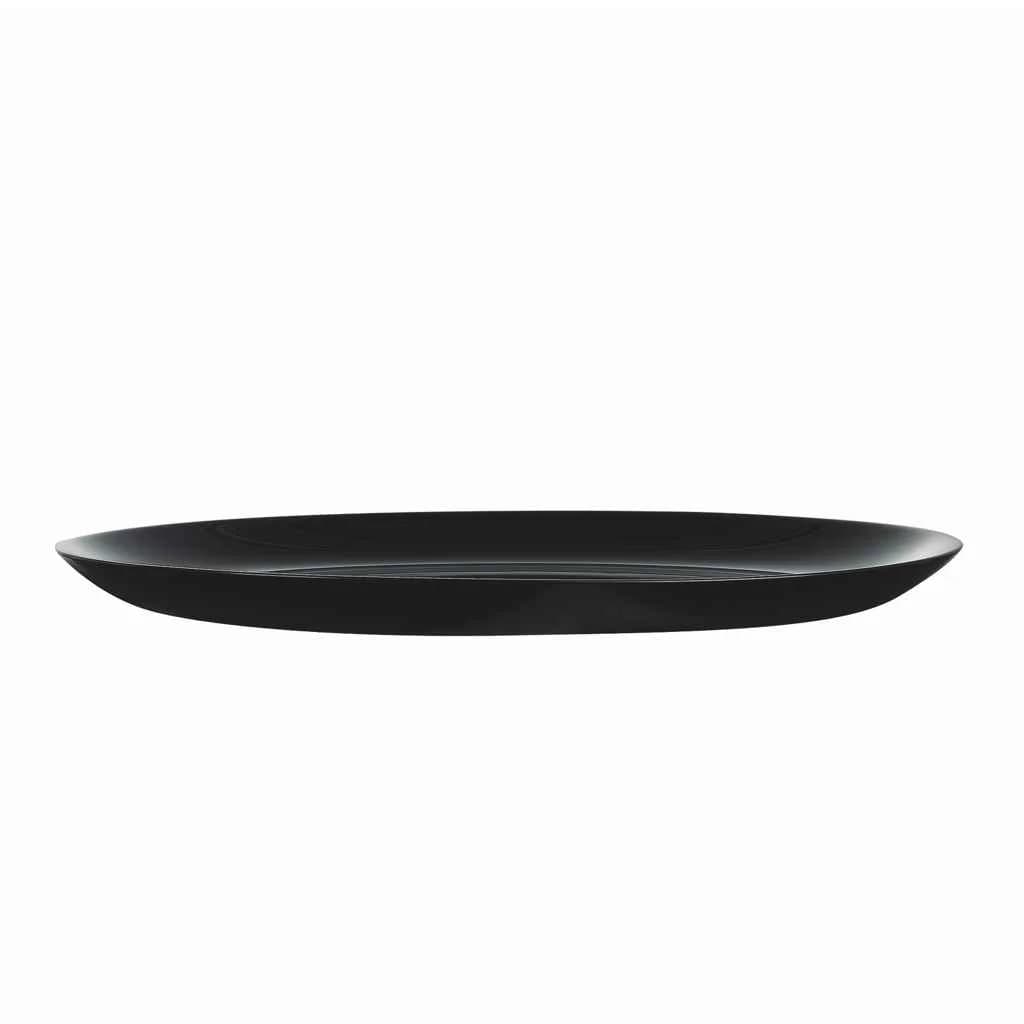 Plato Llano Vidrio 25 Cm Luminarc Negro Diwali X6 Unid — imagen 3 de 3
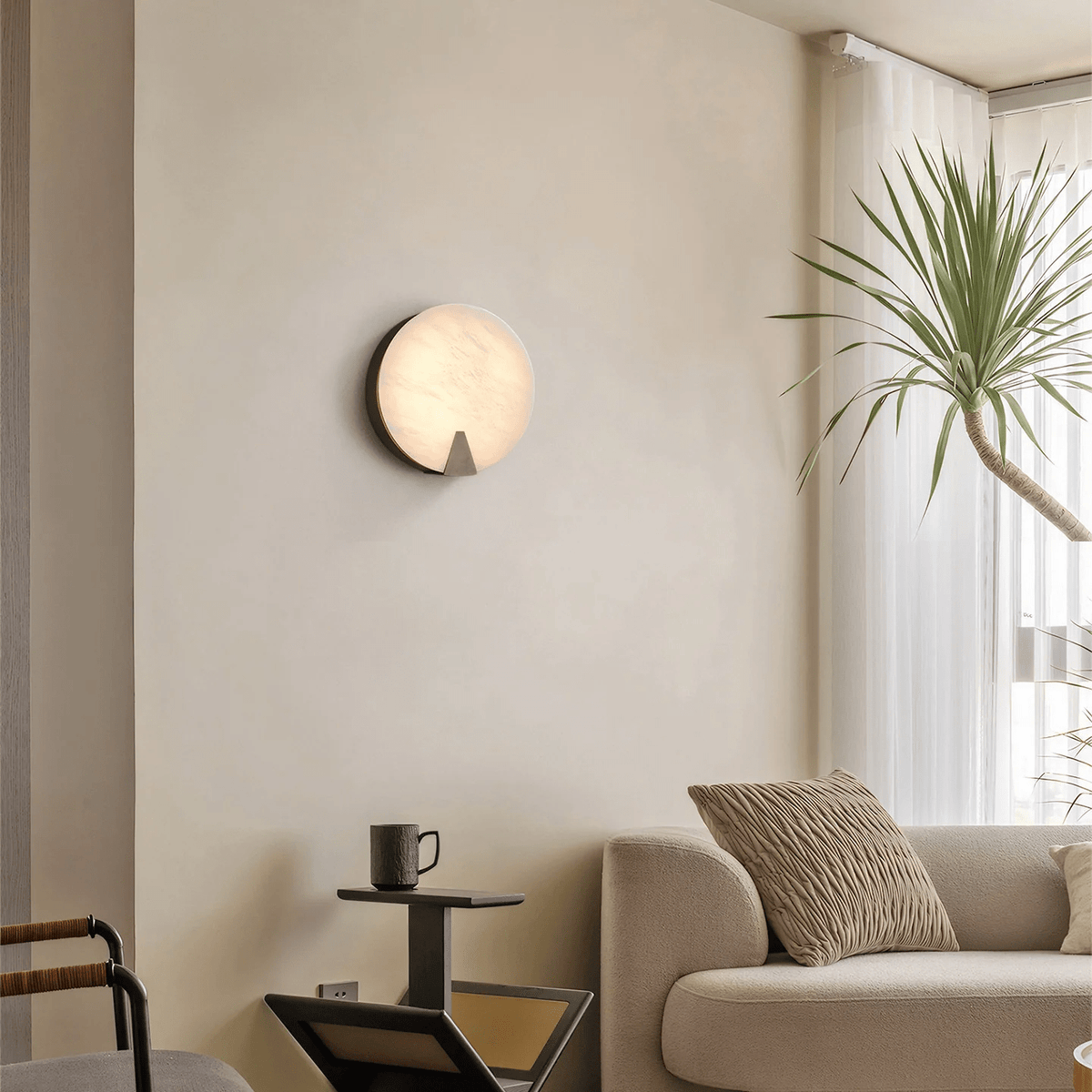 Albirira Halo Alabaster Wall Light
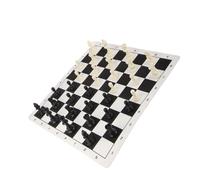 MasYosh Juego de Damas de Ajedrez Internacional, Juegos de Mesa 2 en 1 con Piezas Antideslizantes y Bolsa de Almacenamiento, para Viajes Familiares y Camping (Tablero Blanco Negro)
++++
**What the exercise asks**
Output the full material exactly as given, without its pictures.

**Solution to this exercise**
 Plato Llano Vidrio 25 Cm Luminarc Negro Diwali X6 Unid — imagen 3 de 3
 Albirira Halo Alabaster Wall Light
 MasYosh Juego de Damas de Ajedrez Internacional, Juegos de Mesa 2 en 1 con Piezas Antideslizantes y Bolsa de Almacenamiento, para Viajes Familiares y Camping (Tablero Blanco Negro)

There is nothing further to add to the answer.